RECORDS FOR THIS TASK Start Marker
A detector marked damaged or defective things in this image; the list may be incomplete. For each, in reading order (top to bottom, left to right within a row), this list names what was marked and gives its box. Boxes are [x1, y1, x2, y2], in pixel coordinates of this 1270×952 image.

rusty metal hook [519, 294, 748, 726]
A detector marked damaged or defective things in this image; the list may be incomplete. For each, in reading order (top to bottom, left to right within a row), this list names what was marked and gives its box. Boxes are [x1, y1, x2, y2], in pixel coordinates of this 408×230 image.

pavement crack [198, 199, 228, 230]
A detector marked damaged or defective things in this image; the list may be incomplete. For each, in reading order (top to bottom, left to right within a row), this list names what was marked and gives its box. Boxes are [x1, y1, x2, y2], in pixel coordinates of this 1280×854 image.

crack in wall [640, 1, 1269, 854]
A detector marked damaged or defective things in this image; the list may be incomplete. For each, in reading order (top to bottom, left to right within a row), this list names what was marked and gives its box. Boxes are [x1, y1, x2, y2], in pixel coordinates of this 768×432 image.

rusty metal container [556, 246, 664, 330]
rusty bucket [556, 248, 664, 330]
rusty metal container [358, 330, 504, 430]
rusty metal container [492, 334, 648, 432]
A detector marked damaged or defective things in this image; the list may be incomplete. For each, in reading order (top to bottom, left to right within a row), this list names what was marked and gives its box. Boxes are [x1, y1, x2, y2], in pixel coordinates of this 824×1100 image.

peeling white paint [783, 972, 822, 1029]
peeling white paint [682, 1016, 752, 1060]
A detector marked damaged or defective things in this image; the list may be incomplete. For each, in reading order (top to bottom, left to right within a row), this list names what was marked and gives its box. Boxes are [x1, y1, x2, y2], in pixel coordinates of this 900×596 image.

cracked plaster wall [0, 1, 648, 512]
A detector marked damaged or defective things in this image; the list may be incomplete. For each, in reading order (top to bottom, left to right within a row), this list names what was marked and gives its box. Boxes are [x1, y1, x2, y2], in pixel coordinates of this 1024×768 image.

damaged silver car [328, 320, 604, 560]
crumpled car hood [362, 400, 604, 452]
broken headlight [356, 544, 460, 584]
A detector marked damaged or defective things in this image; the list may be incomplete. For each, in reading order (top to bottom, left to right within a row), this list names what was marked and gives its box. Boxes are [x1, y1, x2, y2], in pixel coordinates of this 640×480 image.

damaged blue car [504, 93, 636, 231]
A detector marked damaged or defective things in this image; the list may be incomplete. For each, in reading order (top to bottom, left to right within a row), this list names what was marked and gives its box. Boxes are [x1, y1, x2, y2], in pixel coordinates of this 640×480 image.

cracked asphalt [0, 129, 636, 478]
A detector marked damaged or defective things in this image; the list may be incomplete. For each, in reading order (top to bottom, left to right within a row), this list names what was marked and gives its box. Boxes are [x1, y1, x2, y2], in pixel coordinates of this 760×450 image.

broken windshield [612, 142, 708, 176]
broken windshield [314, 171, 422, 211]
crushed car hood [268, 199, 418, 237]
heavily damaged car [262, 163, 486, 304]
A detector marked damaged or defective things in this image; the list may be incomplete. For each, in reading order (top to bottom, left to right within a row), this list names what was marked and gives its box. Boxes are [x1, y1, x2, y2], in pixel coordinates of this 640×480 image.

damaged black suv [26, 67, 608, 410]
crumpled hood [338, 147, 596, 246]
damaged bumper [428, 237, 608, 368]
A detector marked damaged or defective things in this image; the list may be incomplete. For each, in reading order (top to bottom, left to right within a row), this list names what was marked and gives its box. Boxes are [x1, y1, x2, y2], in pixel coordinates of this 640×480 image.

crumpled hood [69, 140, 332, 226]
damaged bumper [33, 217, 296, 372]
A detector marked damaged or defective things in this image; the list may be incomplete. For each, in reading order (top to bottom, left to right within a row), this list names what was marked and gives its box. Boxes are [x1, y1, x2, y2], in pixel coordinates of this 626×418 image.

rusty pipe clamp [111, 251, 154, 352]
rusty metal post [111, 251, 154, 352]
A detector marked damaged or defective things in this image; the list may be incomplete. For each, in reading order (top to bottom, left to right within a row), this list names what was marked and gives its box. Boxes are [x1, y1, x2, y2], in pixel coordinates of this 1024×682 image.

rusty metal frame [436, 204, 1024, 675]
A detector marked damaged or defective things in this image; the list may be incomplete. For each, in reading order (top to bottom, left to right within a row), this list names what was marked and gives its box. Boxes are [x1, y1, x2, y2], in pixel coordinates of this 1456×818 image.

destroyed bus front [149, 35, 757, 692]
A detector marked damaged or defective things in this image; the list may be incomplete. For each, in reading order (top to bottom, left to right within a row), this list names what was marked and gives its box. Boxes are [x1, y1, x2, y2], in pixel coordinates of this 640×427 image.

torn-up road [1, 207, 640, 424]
RECORDS FOR THIS TASK End Marker
**YOUR INSTRUCTIONS**
The line containing "this 626×418 image." marks the start. Repeat it and every line after it to the end of the listing above, exactly.

**YOUR RESPONSE**
A detector marked damaged or defective things in this image; the list may be incomplete. For each, in reading order (top to bottom, left to right within a row), this list names what was marked and gives its box. Boxes are [x1, y1, x2, y2], in pixel coordinates of this 626×418 image.

rusty pipe clamp [111, 251, 154, 352]
rusty metal post [111, 251, 154, 352]
A detector marked damaged or defective things in this image; the list may be incomplete. For each, in reading order (top to bottom, left to right within a row), this list names what was marked and gives its box. Boxes are [x1, y1, x2, y2], in pixel coordinates of this 1024×682 image.

rusty metal frame [436, 204, 1024, 675]
A detector marked damaged or defective things in this image; the list may be incomplete. For each, in reading order (top to bottom, left to right within a row), this list names what was marked and gives its box. Boxes are [x1, y1, x2, y2], in pixel coordinates of this 1456×818 image.

destroyed bus front [149, 35, 757, 692]
A detector marked damaged or defective things in this image; the list may be incomplete. For each, in reading order (top to bottom, left to right within a row), this list names what was marked and gives its box. Boxes are [x1, y1, x2, y2], in pixel coordinates of this 640×427 image.

torn-up road [1, 207, 640, 424]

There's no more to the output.